In Palestine, traumatic threats are ongoing and enduring, with no ‘post-traumatic’ safety
Palestinian art students take part in a festival marking World Mental Health Day in Gaza City in 2016 (AFP)

Elderly people in Palestine remember, with a sense of irony, the charitable parcels of clothing they received when they became refugees in 1948, as well-intentioned Westerners sent neckties, short trousers and berets to dress a population that had previously worn traditional Palestinian outfits.
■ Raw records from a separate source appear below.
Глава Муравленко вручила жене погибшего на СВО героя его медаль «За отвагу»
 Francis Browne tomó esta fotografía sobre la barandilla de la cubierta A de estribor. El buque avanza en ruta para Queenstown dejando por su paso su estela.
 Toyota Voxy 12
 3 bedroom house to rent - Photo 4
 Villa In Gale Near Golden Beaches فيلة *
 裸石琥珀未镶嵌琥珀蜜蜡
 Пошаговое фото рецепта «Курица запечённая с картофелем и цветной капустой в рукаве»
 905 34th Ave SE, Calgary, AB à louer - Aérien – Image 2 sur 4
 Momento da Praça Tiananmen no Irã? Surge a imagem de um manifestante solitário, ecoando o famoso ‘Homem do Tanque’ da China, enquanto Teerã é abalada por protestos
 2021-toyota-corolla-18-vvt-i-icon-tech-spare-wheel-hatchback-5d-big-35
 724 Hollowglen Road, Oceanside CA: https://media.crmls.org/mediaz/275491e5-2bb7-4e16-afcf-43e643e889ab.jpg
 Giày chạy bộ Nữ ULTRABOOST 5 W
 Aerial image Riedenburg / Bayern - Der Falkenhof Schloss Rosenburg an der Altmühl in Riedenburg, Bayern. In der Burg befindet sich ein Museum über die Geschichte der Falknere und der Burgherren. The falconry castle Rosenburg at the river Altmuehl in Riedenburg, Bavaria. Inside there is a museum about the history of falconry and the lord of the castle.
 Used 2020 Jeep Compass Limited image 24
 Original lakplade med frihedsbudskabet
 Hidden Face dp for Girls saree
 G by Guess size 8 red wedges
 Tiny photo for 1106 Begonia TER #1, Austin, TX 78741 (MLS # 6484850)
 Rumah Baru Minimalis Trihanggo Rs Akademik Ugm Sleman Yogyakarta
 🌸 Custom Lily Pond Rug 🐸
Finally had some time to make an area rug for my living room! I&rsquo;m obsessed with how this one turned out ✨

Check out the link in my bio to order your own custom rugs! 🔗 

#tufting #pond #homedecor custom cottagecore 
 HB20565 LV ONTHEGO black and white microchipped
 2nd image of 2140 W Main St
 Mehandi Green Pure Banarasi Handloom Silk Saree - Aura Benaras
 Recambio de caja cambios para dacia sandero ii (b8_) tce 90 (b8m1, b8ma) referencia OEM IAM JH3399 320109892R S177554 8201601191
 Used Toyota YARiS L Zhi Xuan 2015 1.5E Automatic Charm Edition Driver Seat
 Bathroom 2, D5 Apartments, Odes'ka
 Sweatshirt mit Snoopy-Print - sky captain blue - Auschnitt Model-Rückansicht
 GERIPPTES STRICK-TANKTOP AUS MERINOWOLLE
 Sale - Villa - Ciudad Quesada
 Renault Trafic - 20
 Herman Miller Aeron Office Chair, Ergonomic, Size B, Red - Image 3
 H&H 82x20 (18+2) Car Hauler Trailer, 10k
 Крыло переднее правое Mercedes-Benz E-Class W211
The new Western garments suddenly appeared on the backs of the local populace, with distinctly amusing results. 

This is how the Palestinian experience of psychological morbidity looks when it is forced into ready-to-wear Western categories, such as post-traumatic stress disorder (PTSD) - the most commonly reported psychiatric disorder among Palestinians.

Journalists are fond of reporting on a high prevalence of mental health problems in Palestine to dramatise the impacts of our political reality, sometimes over-generalising a study with limited scope so that it appears to apply to the entire population. Other times, they misinterpret epidemiological data or fail to differentiate between a symptom and a full diagnosis. 

Collective historical trauma

Non-governmental organisations also like the term PTSD, as it seems to help generate funds. Watching these NGOs pass out inventories of post-traumatic stress symptoms with one hand and offer food with the other, some may be tempted to express their hunger, misery and poverty by checking boxes on the survey.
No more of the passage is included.